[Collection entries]
********************
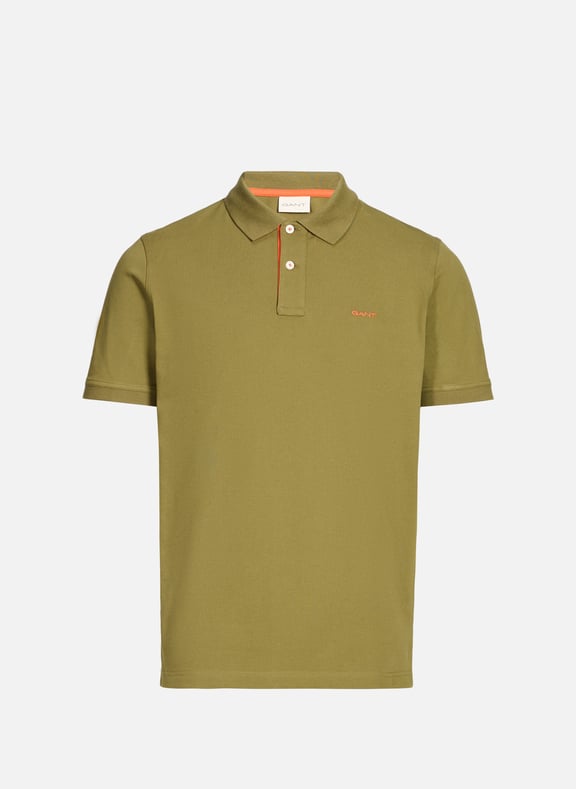 Polo en coton Vert by GANT GANT Polo en coton Vert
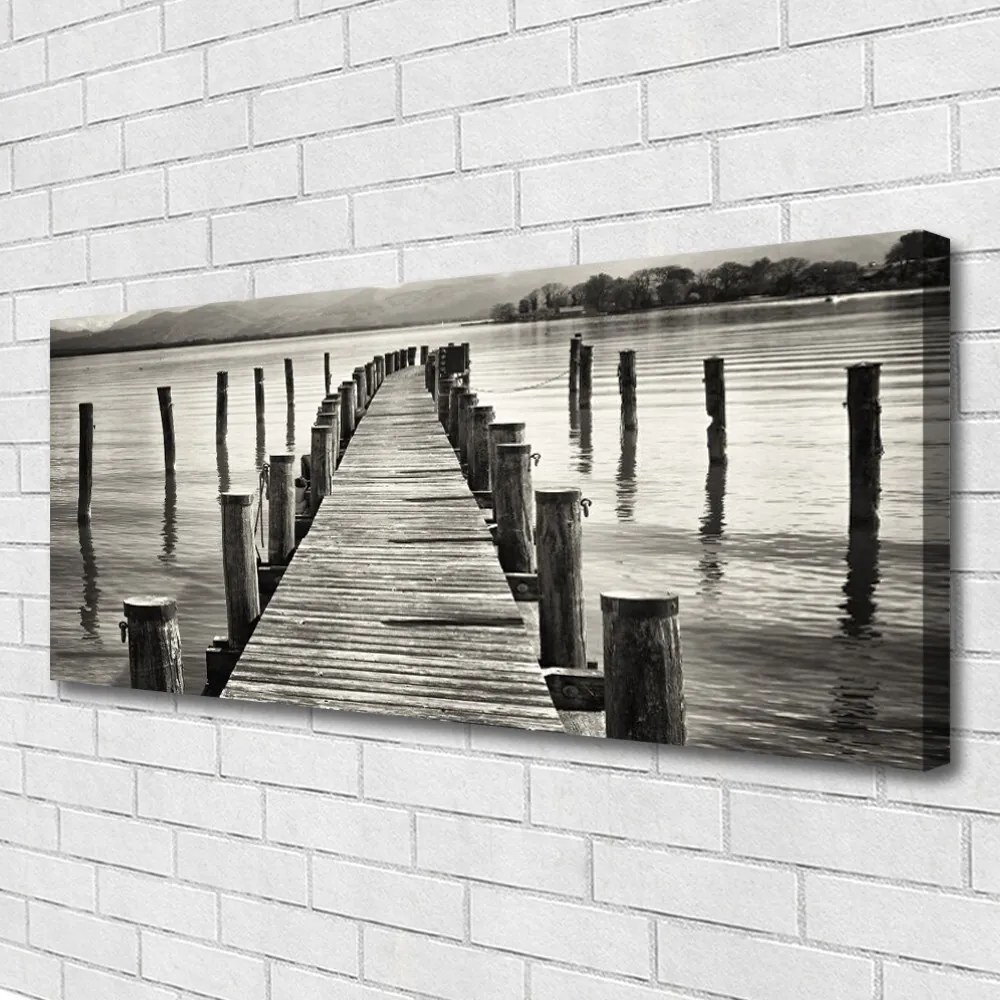 Fotoobraz na płótnie Konstrukcja Mostu nad Morzem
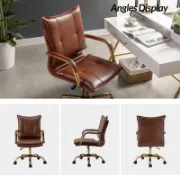 Faux Leather Task Chair with Padded Arms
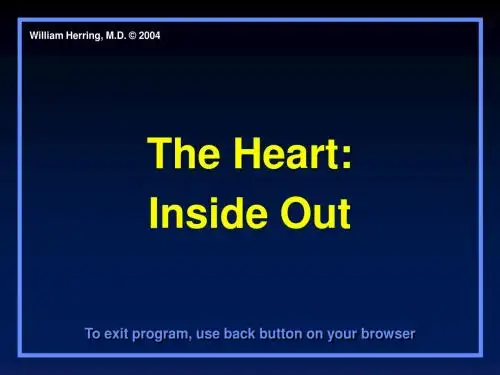 the heart''inside out''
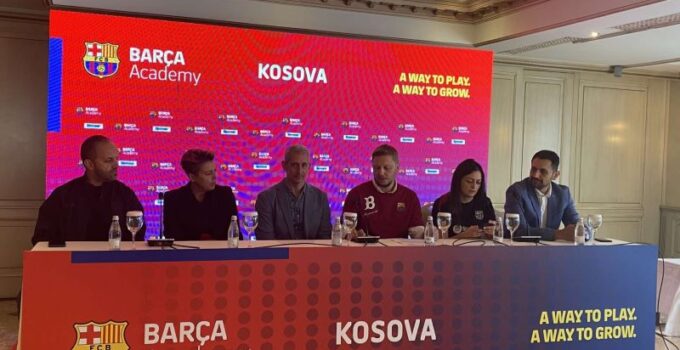 BARSELONA’NIN TEKNİK ADAMLARINDAN KOSOVALI GENÇ FUTBOLCULARA 5 GÜNLÜK KAMP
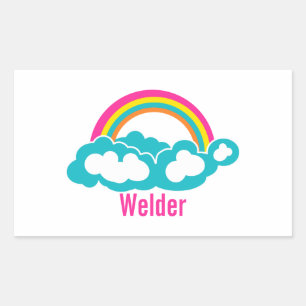 Rainbow Cloud Welder Sticker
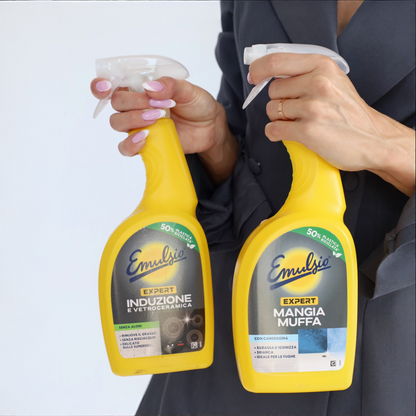 Emulsio Expert Nutri Pelle e Cuoio 600 ml – čisticí a impregnační sprej na kůži a kožené povrchy, ideální pro domácnosti se zvířaty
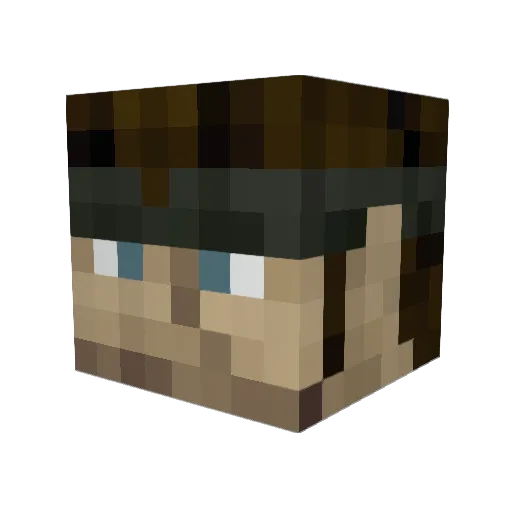 sonaked Minecraft avatar head, 3D render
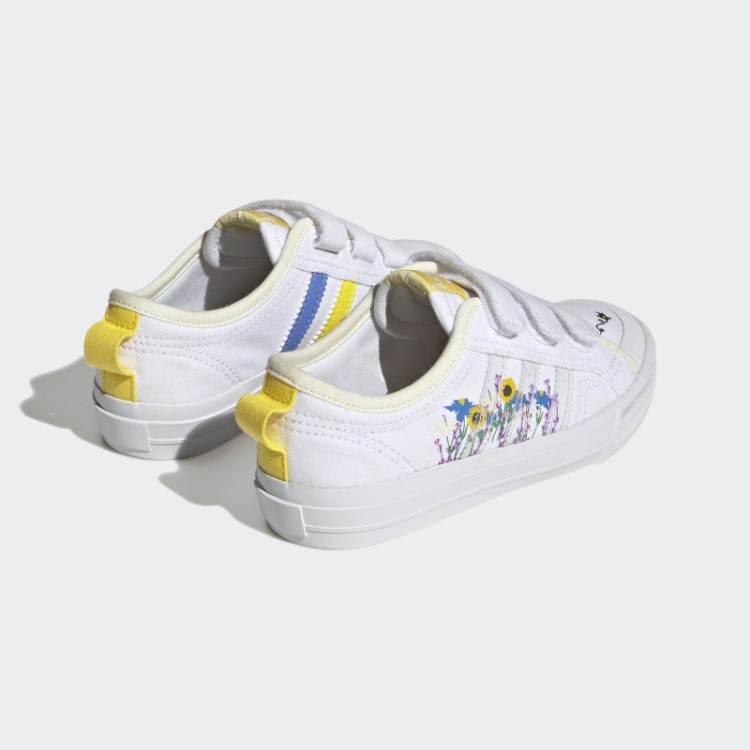 Sapatos Brancos Adidas Nizza Moda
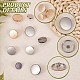 GORGECRAFT 54PCS 3 Sizes Flat Metal Silver Buttons 3 Colors Alloy Shank Button Gold Women Suit Woolen Round Button Male Jacket Buttons Shirt Trousers Button Round Shaped Sewing Button for Crafting BUTT-GF0001-17-5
********************
Description of the task: The answer is the entries above, given again exactly, with no pictures among them.

Response to this exercise:
 Polo en coton Vert by GANT GANT Polo en coton Vert
 Fotoobraz na płótnie Konstrukcja Mostu nad Morzem
 Faux Leather Task Chair with Padded Arms
 the heart''inside out''
 BARSELONA’NIN TEKNİK ADAMLARINDAN KOSOVALI GENÇ FUTBOLCULARA 5 GÜNLÜK KAMP
 Rainbow Cloud Welder Sticker
 Emulsio Expert Nutri Pelle e Cuoio 600 ml – čisticí a impregnační sprej na kůži a kožené povrchy, ideální pro domácnosti se zvířaty
 sonaked Minecraft avatar head, 3D render
 Sapatos Brancos Adidas Nizza Moda
 GORGECRAFT 54PCS 3 Sizes Flat Metal Silver Buttons 3 Colors Alloy Shank Button Gold Women Suit Woolen Round Button Male Jacket Buttons Shirt Trousers Button Round Shaped Sewing Button for Crafting BUTT-GF0001-17-5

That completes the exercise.